D’où le recentrage stratégique sur la bande des filaos de Guédiawaye. La recherche s’oriente alors à cet endroit.
Un Plan d’Urbanisme de Détail (PUD) est conçu, validé à tous les niveaux (Conseil municipal, Comité régional d’urbanisme présidé par le Gouverneur) et approuvé par décret présidentiel n°2021-701 du 4 juin 2021, ce qui le rend opposable et exécutoire.
Suivra une parcelle définie et redimensionnée sur instruction. Initialement, le site prévu pour le Tribunal couvrait 2 ha 80 a 10 ça. Mais la lettre ministérielle susmentionnée oriente une réduction à 2 hectares.
Cette décision est confirmée par le ministère de l’Urbanisme dans le cadre du PUD. Dans une lettre du ministre de l’Urbanisme, du Logement et de l’Hygiène publique au ministre des Finances et du Budget, il est écrit : « Par lettre citée en seconde référence, je vous avais saisi relativement en exécution des Directives de son Excellence, Monsieur le Président de la République en vous transmettant le Plan d’Urbanisme de Détails de la bande à filao de Guédiawaye pour suite à donner.
Ce plan à la demande de la ville, avait été approuvé par le Conseil municipal et le Comité régionale d'Urbanisme présidé par le Gouverneur de la région de Dakar. Il a été par la suite approuvé par décret n° 2021- 701 du 04 juin 2021 le rendant ainsi exécutoire. C'est pourquoi, je vous transmets à nouveau le plan approuvé par décret avec une intégration des projets du KMS3 relativement aux servitudes à préserver ». « Des discussions sont en cours avec l'AGETIP et les services de l'Environnement pour l'aménagement du site et la délivrance de l'autorisation de coupe d'arbres.
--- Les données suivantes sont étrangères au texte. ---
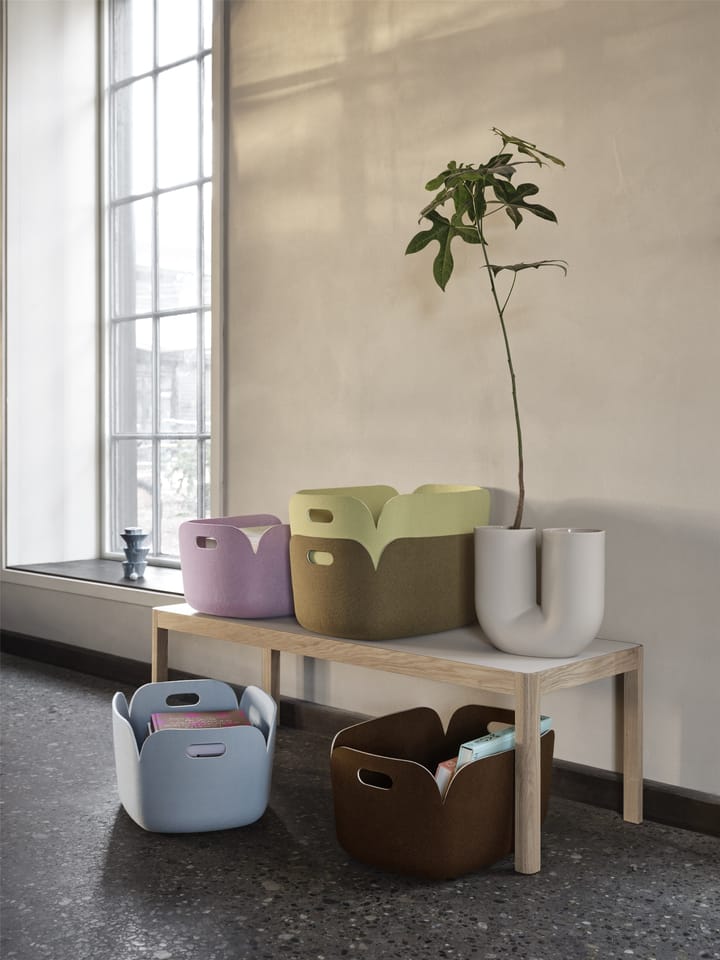 Cesto de arrumação Restore, Marrom escuro Muuto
Vous voudrez bien instruire vos services à finaliser les procédures domaniales sur la base du plan approuvé qui constitue le seul document de planification spatiale existant et approuvé ».
Un lotissement technique du reliquat de surface
Mais qu’en est-il des 8 010 m² restants ? C’est là où git le problème. Ils ont fait l’objet d’un lotissement administratif de 36 parcelles. La répartition suivante aurait été proposée : 26 bénéficiaires issus d’une liste transmise par le ministère de la Justice ; 4 parcelles pour les agents de la direction des Domaines ; 3 pour le Cadastre ; 3 pour l’Urbanisme. Nos sources précisent qu’il s’agissait là d’un « processus formel et documenté, instruit par lettres ministérielles ».
Une opération suspendue par la ccod avant toute exécution
C’est dans ce contexte que la Commission de Contrôle des Opérations Domaniales (CCOD) s’invite à son tour dans le dossier. Elle émet une réserve claire sur la procédure, et demande l’annulation du lotissement. Aucune attribution définitive n’aura finalement lieu. Le projet finira par être gelé avant tout transfert de propriété et l’État n’en subira aucun préjudice foncier ni financier. Toutefois, ce dossier révèle les limites d’un système où la chaîne de responsabilité entre autorités politiques et agents techniques reste floue, laissant ces derniers assumer seuls les conséquences.